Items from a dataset
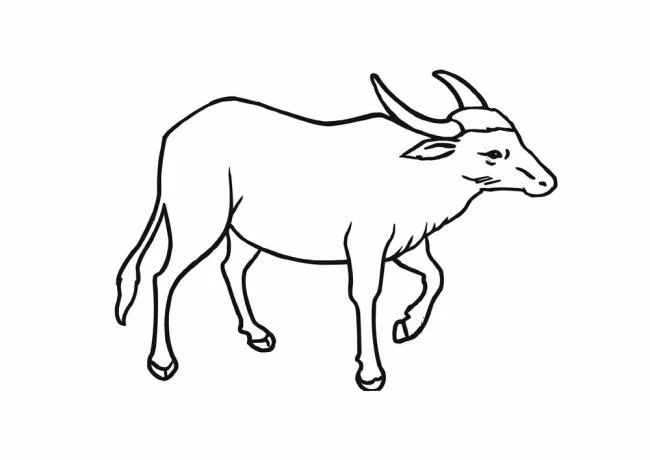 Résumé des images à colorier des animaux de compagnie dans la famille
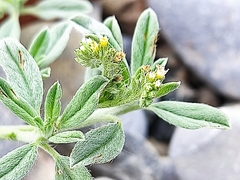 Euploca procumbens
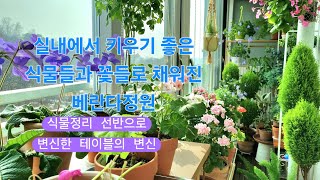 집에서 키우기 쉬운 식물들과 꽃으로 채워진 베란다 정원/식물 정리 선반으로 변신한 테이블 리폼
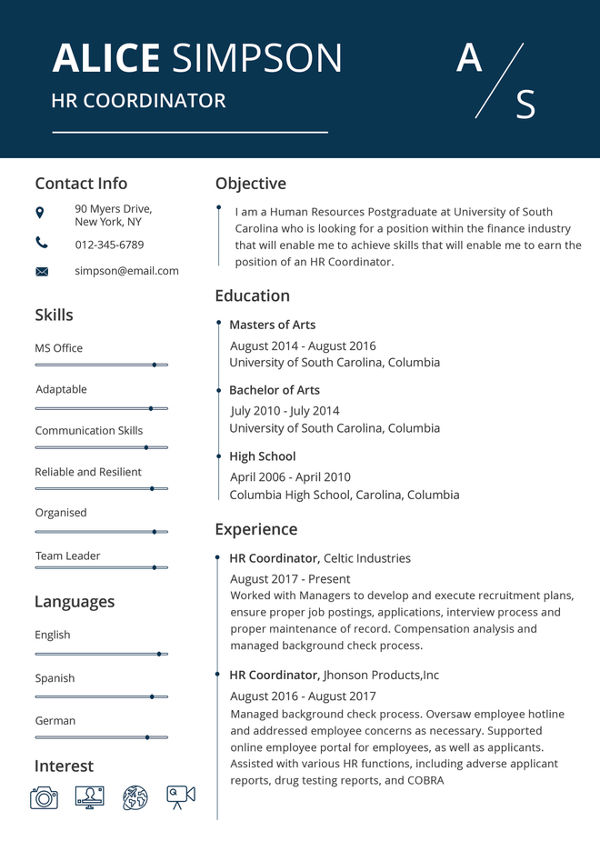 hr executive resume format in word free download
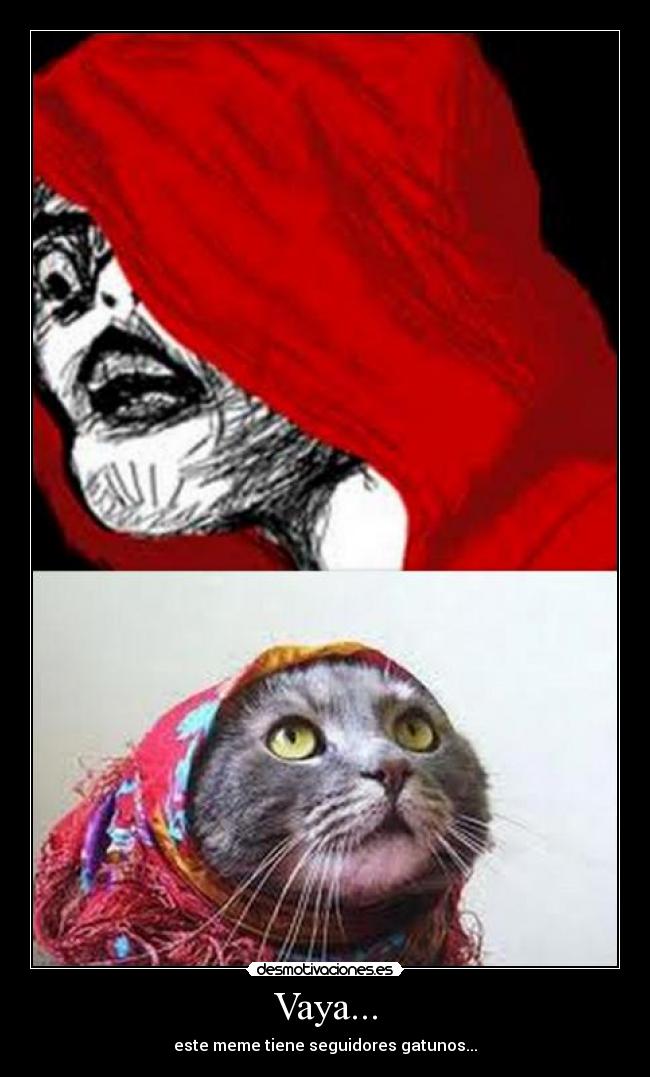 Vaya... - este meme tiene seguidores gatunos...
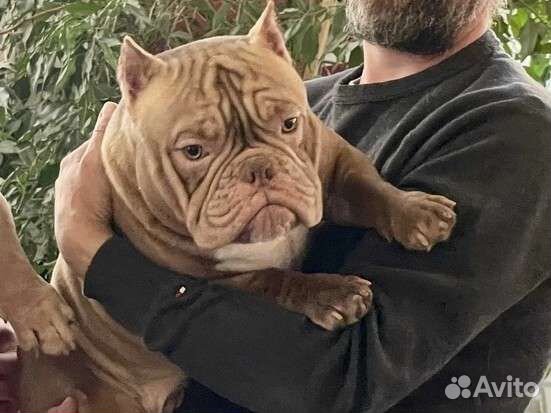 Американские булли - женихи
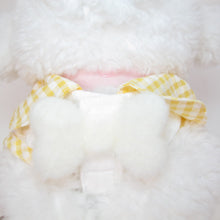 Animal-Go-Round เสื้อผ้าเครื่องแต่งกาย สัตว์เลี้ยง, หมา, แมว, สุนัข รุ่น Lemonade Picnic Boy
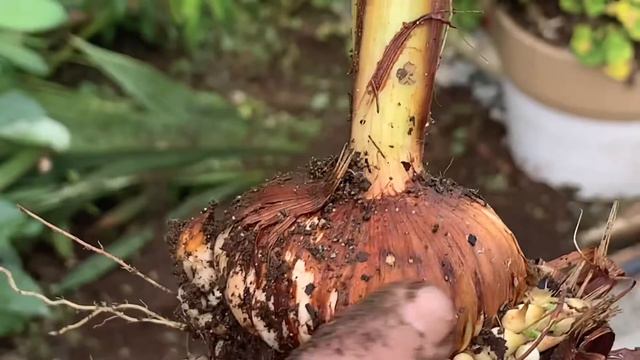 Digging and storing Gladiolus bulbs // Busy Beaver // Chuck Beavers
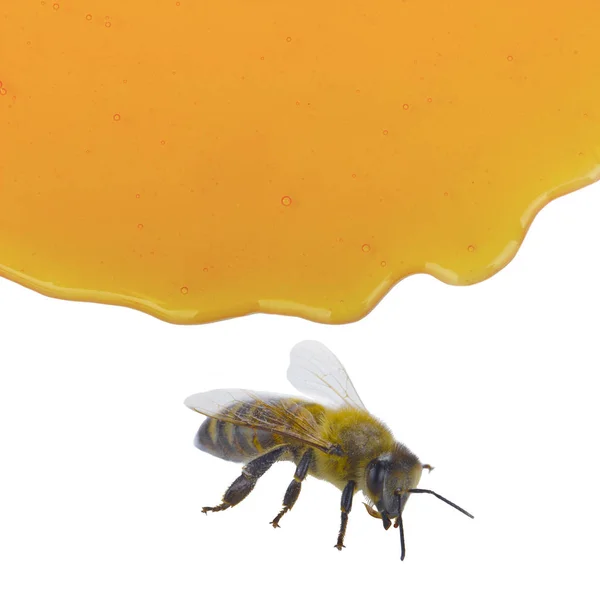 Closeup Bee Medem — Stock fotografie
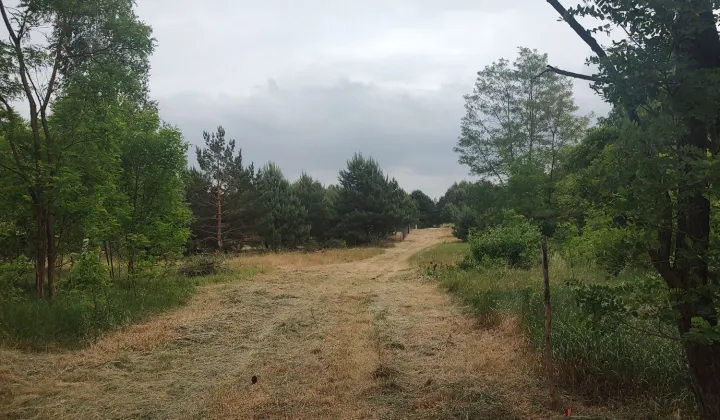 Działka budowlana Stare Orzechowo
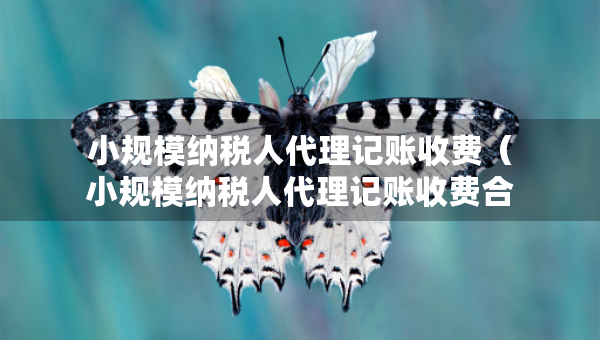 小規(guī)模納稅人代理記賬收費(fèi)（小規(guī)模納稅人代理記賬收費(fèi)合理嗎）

> [What you need to do]:
Each line of the records above must be repeated exactly, but no picture belongs in the copy.

> [Solution]:
 Résumé des images à colorier des animaux de compagnie dans la famille
 Euploca procumbens
 집에서 키우기 쉬운 식물들과 꽃으로 채워진 베란다 정원/식물 정리 선반으로 변신한 테이블 리폼
 hr executive resume format in word free download
 Vaya... - este meme tiene seguidores gatunos...
 Американские булли - женихи
 Animal-Go-Round เสื้อผ้าเครื่องแต่งกาย สัตว์เลี้ยง, หมา, แมว, สุนัข รุ่น Lemonade Picnic Boy
 Digging and storing Gladiolus bulbs // Busy Beaver // Chuck Beavers
 Closeup Bee Medem — Stock fotografie
 Działka budowlana Stare Orzechowo
 小規(guī)模納稅人代理記賬收費(fèi)（小規(guī)模納稅人代理記賬收費(fèi)合理嗎）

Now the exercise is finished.